- Founded: 1991
- Founder: Joel Morowitz and Jeff Price
- Defunct: 2007
- Genre: Pop; rock;
- Country of origin: US
- Location: New York City

= SpinART Records =

Record label from New York, 1991–2007

SpinART Records was a New York City-based independent record label that released recordings by the Apples in Stereo, Clem Snide, Frank Black, and Michael Penn. Billboard referred to SpinART as "a proven breeding ground for new talent."

The label was started by Joel Morowitz and Jeff Price in 1991. Its first release was the ...One Last Kiss compilation, which featured tracks from Velocity Girl, Lilys, Black Tambourine, Magnetic Fields, and others. The Washington Post described the compilation as "a sort of sonic fanzine" that was "dominated by guitar-based, female-fronted dream-pop bands."

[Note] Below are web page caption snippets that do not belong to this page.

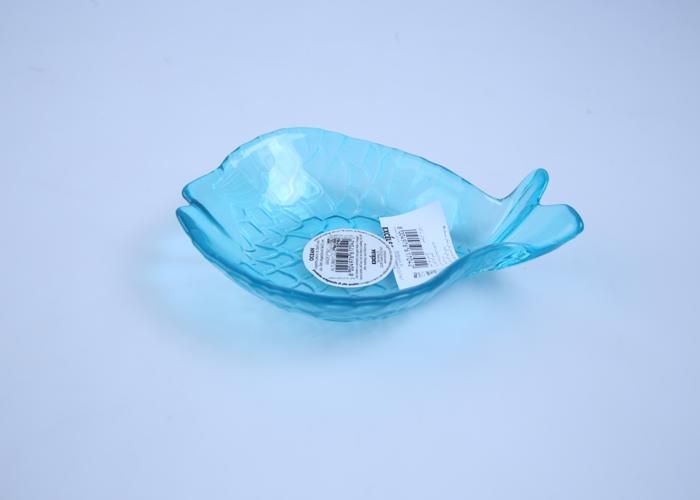 Coupelle - GENERIC - R-6 - 16 x 11,5 cm - Design poisson - Compatibilité lave-vaisselle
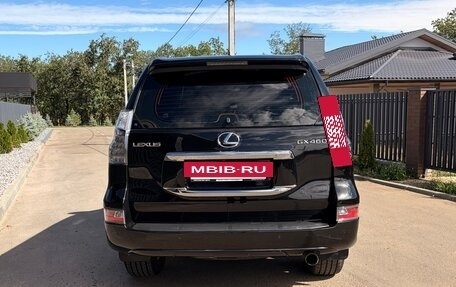 Lexus GX II, 2017 год, 4 690 000 рублей, 4 фотография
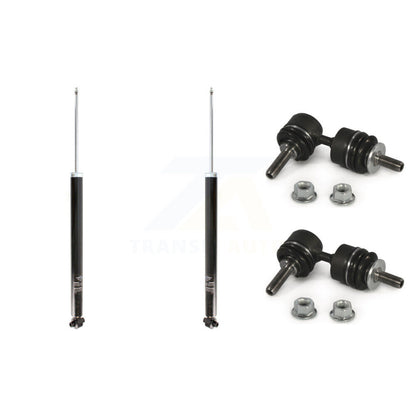 Shock And TQ Link Kit Rear For Mazda 3 5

In May 1994, SpinART signed a distribution deal with Columbia Records. The label shifted to a new distribution deal with Giant Records in October 1995, with Giant funding much of the label's operations and Morowitz and Price maintaining full creative control of the label's direction. "We do our own thing and market it and bust our butts and Giant leaves us alone," Price said.

SpinART filed for bankruptcy in April 2007 and went out of business.

In the years following the end of SpinART, Price became founder and CEO of digital music auditing company Audiam. He also co-founded the digital music service TuneCore.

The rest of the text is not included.